- [AVAILABLE RECORDS]
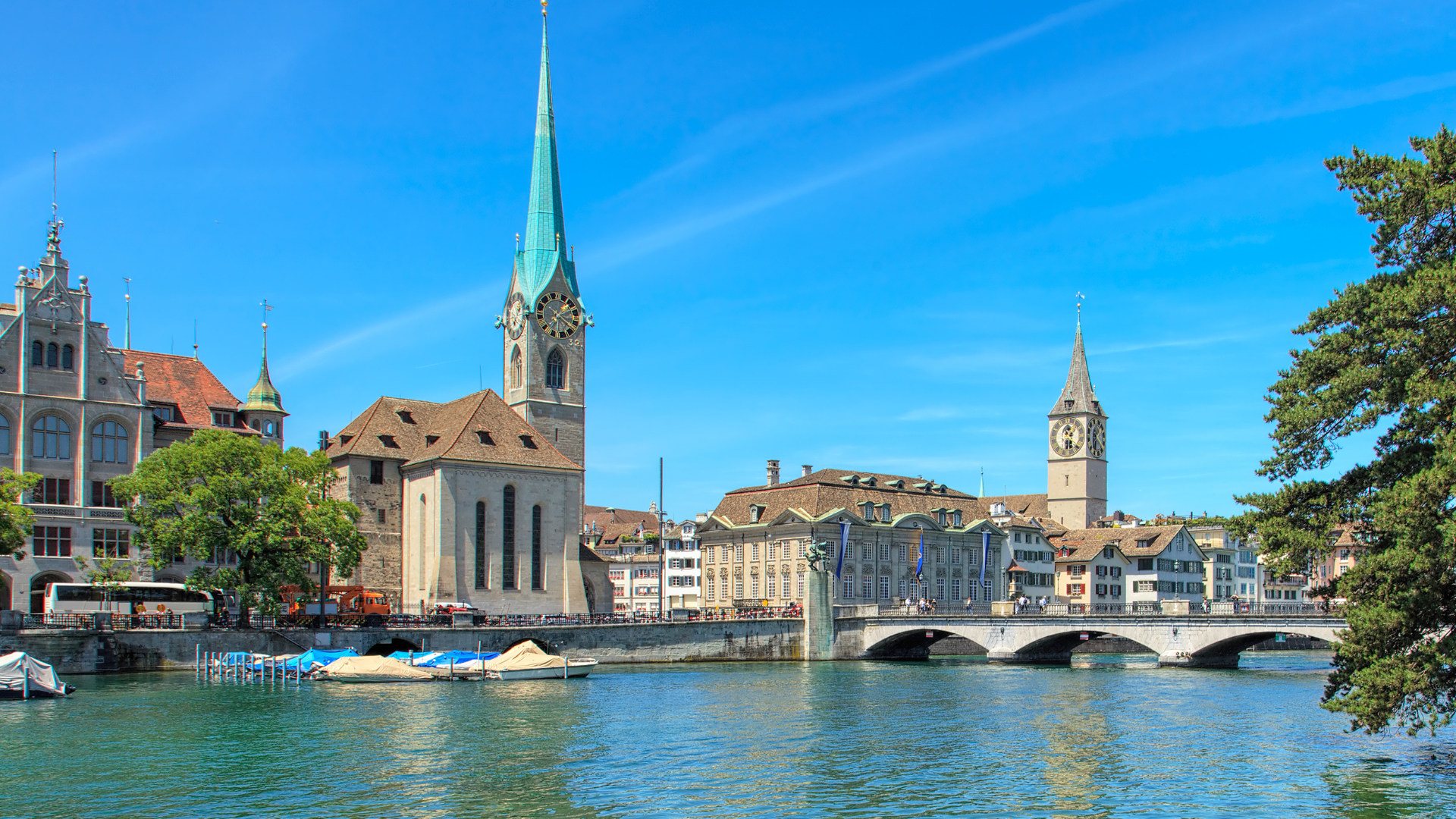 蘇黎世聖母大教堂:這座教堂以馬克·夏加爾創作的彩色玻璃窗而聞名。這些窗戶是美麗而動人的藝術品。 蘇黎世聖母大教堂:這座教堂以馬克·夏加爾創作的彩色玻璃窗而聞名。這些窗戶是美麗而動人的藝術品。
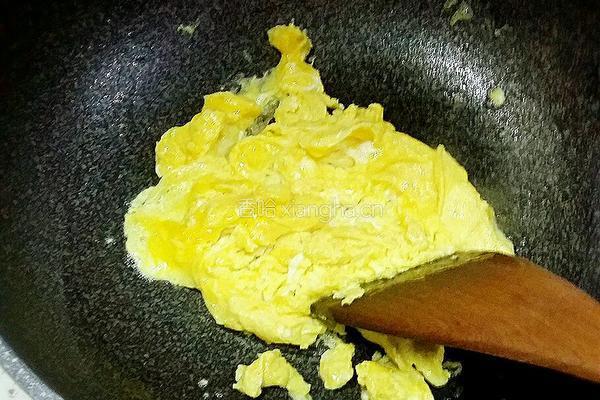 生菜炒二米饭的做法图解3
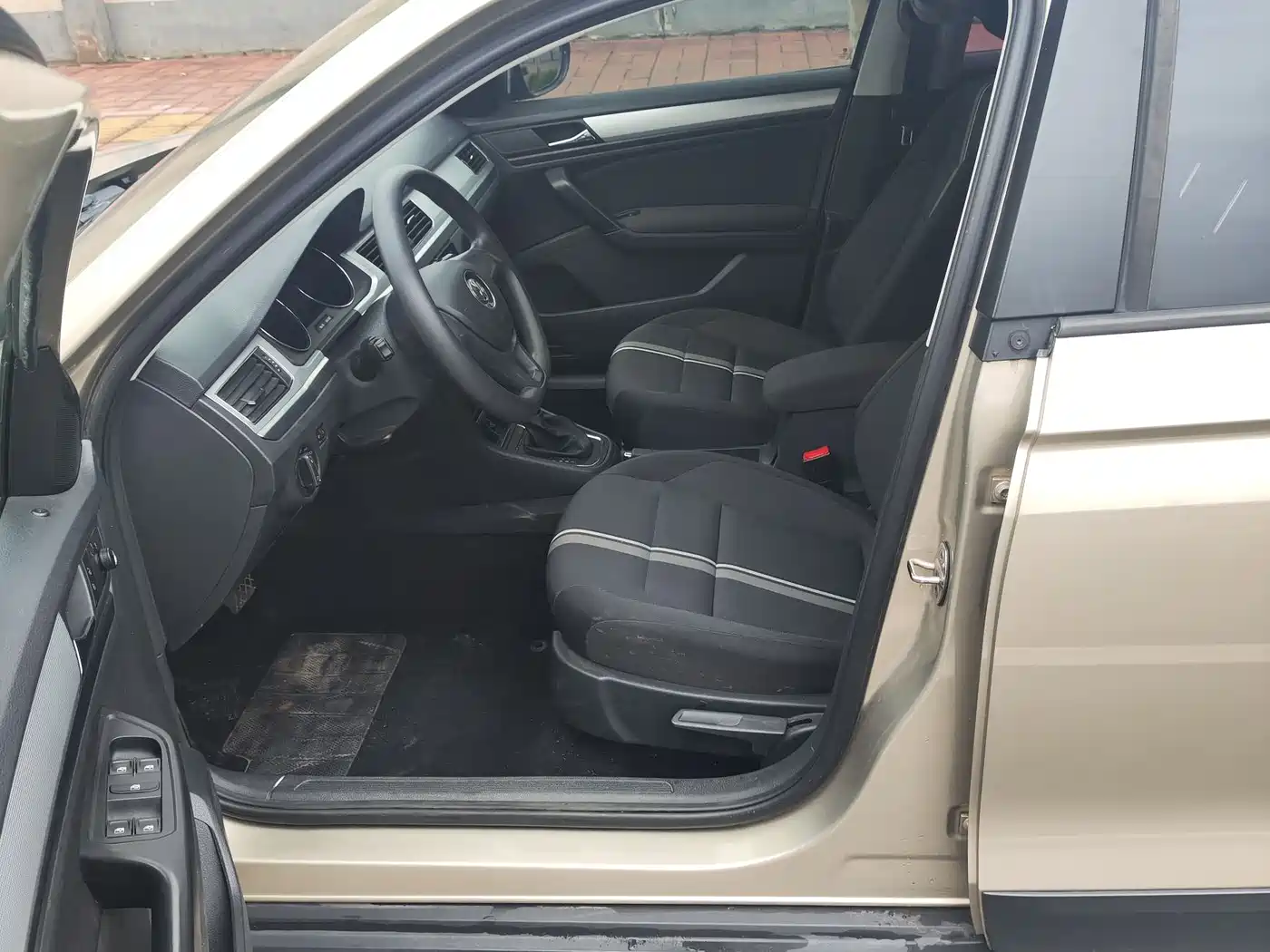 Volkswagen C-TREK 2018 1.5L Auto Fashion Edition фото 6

==

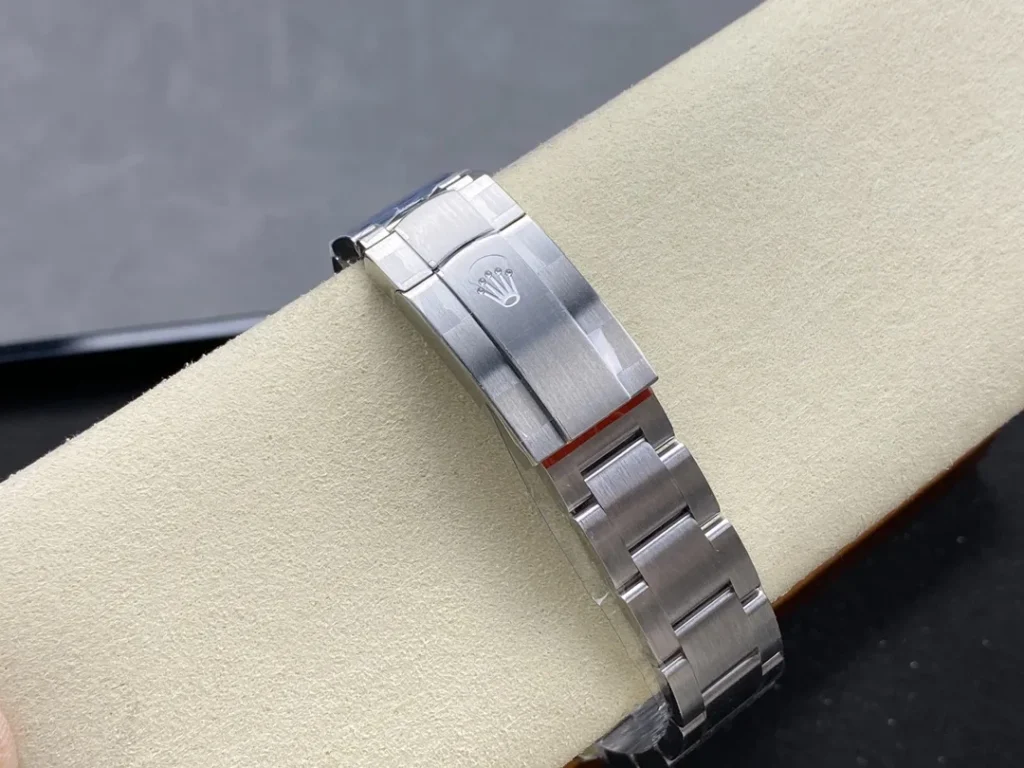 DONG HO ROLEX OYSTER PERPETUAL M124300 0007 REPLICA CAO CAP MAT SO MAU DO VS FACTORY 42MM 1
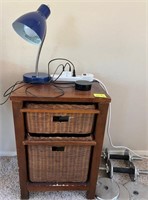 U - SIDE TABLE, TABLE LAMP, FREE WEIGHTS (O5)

- [WORK ITEM] Give exactly the lines above that run from the line with "生菜炒二米饭的做法图解3" to the line with "Volkswagen C-TREK 2018", both included, leaving every picture out.

- [EXPECTED ANSWER]
 生菜炒二米饭的做法图解3
 Volkswagen C-TREK 2018 1.5L Auto Fashion Edition фото 6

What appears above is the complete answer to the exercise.